» Requirement:
When you reach the line with "Buah Batu Gerbang", start repeating the lines exactly and keep going to the end of the records, but drop every picture.

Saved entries
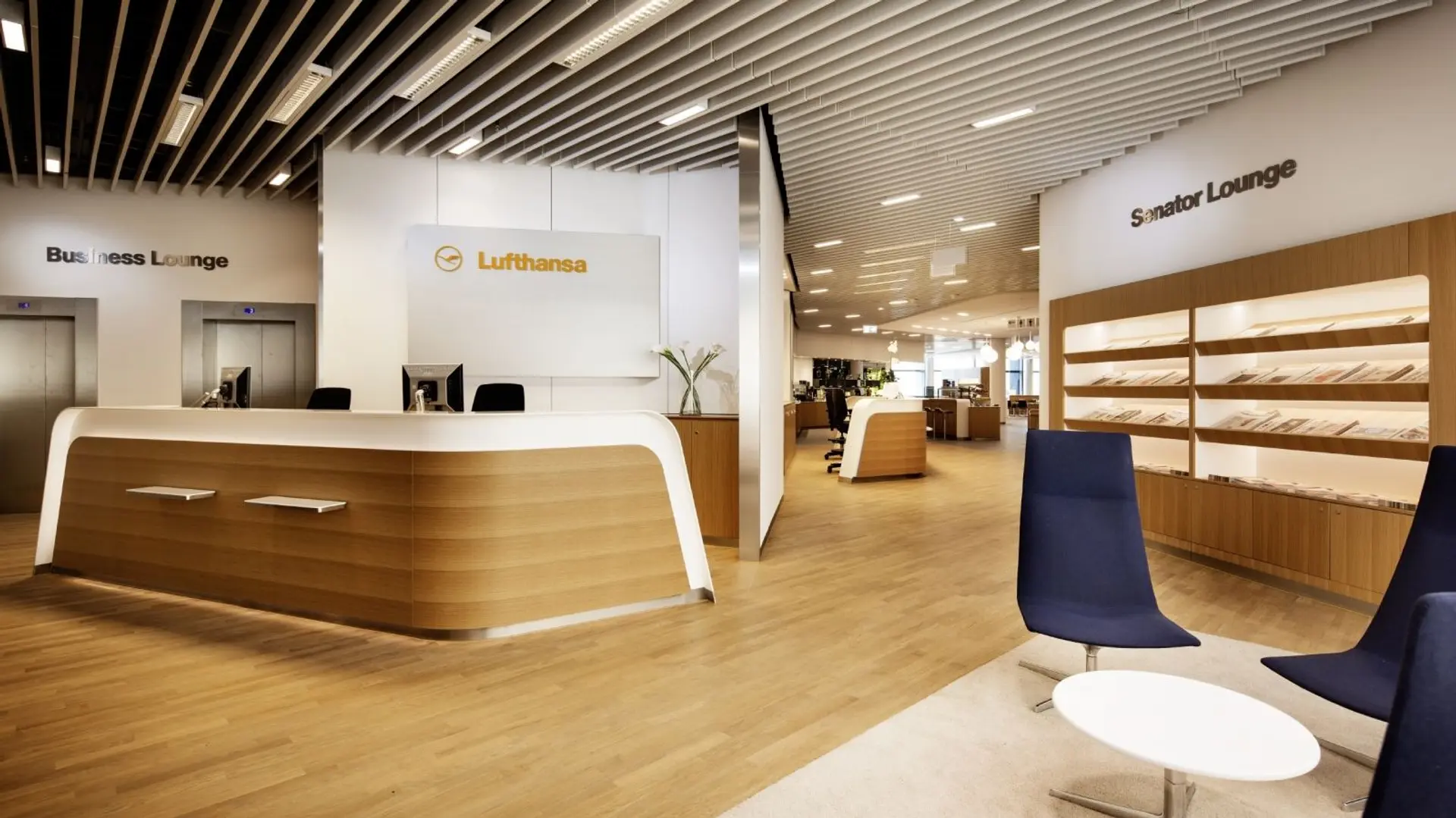 Airline review Airport experience - Lufthansa - 1
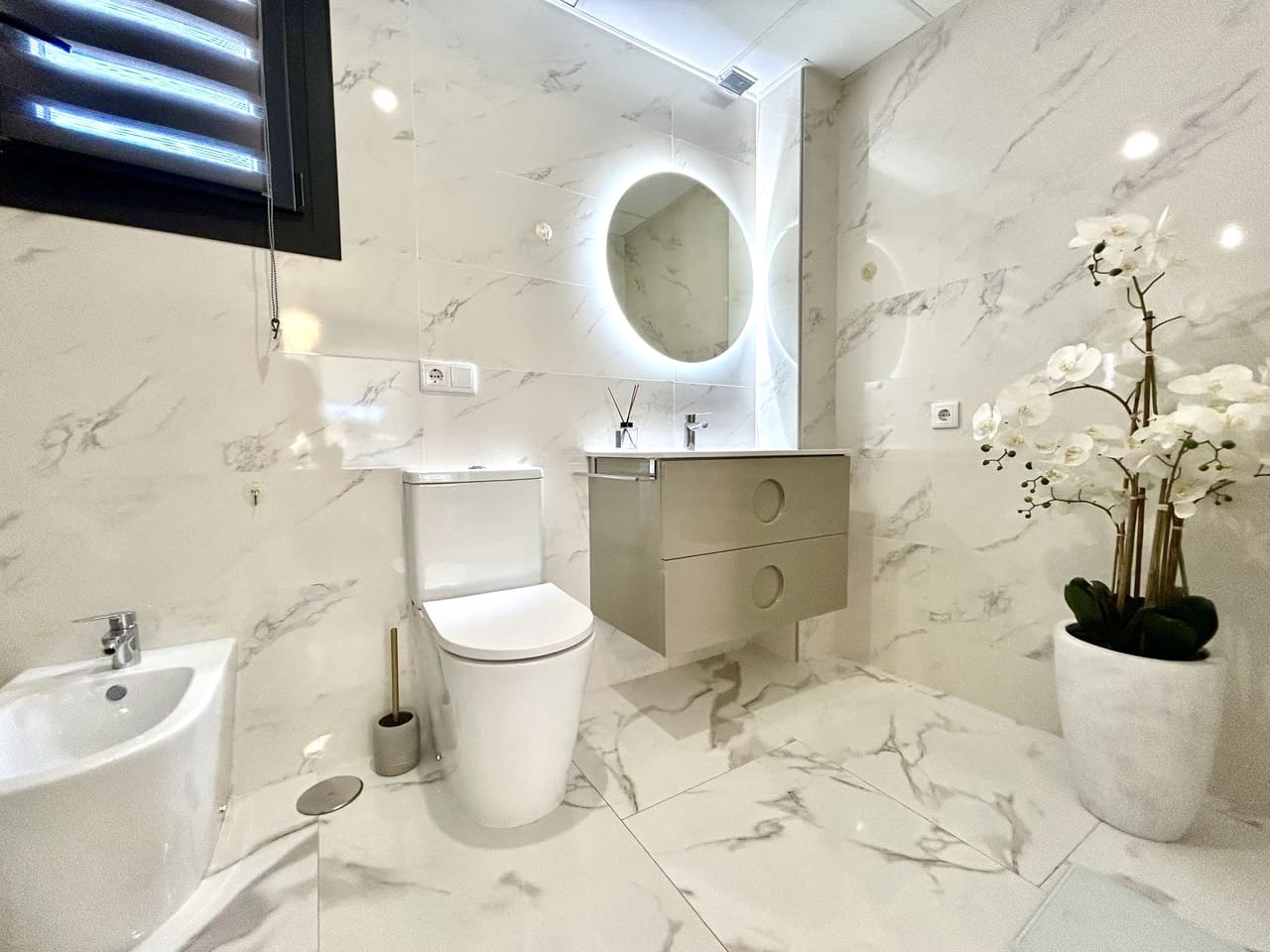 3 soverom Villa til salgs i Estrella de Mar med svømmebasseng garasje - € 1 598 000 (Ref: 10094298)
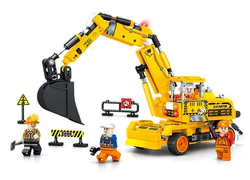Urban Life: 4-Style Wheeled Excavator Combination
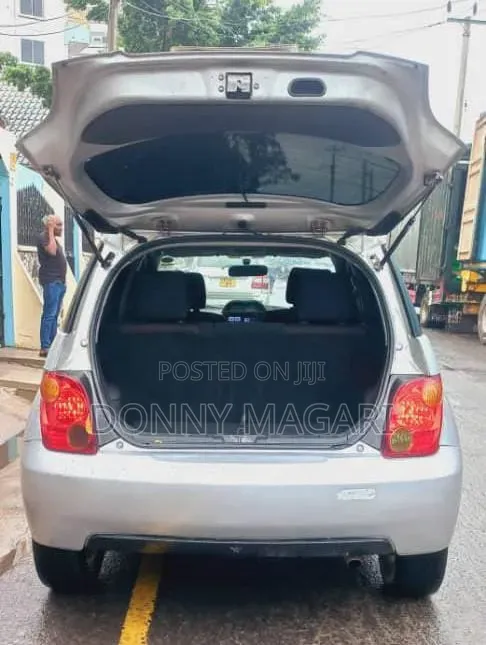 Toyota IST 2005 Silver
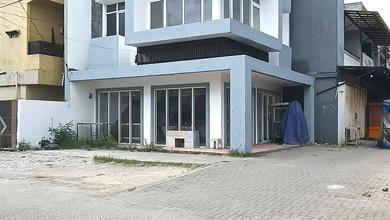 Buah Batu Gerbang Blkng Podomoro Mainroad Siap Pakai Hoek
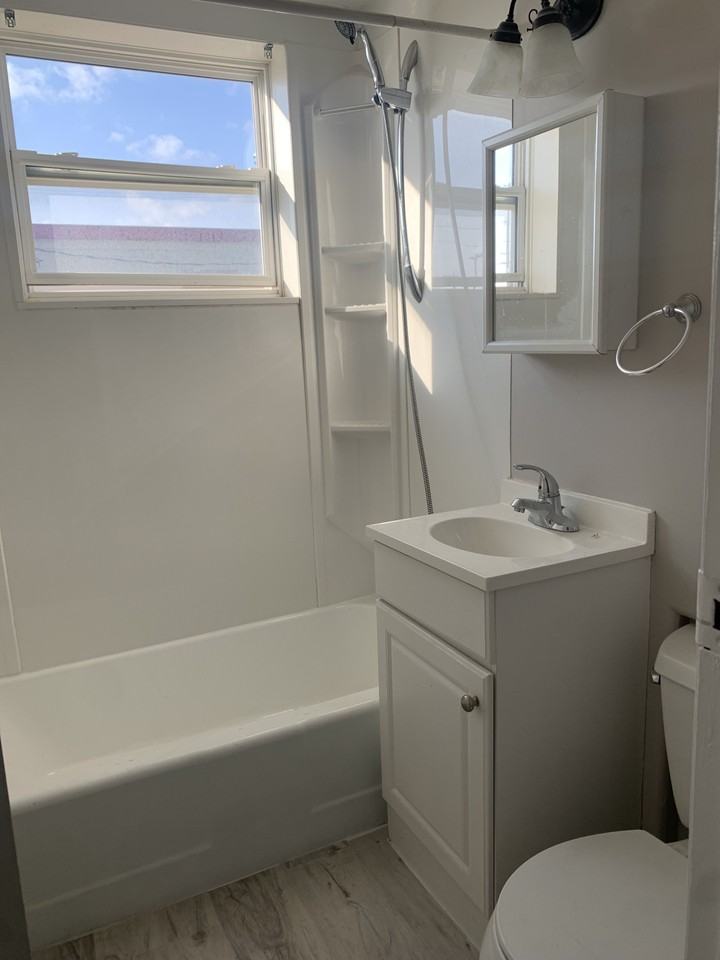 1034 Brussels Street - Photo 6 of 9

» Solution to this task:
 Buah Batu Gerbang Blkng Podomoro Mainroad Siap Pakai Hoek
 1034 Brussels Street - Photo 6 of 9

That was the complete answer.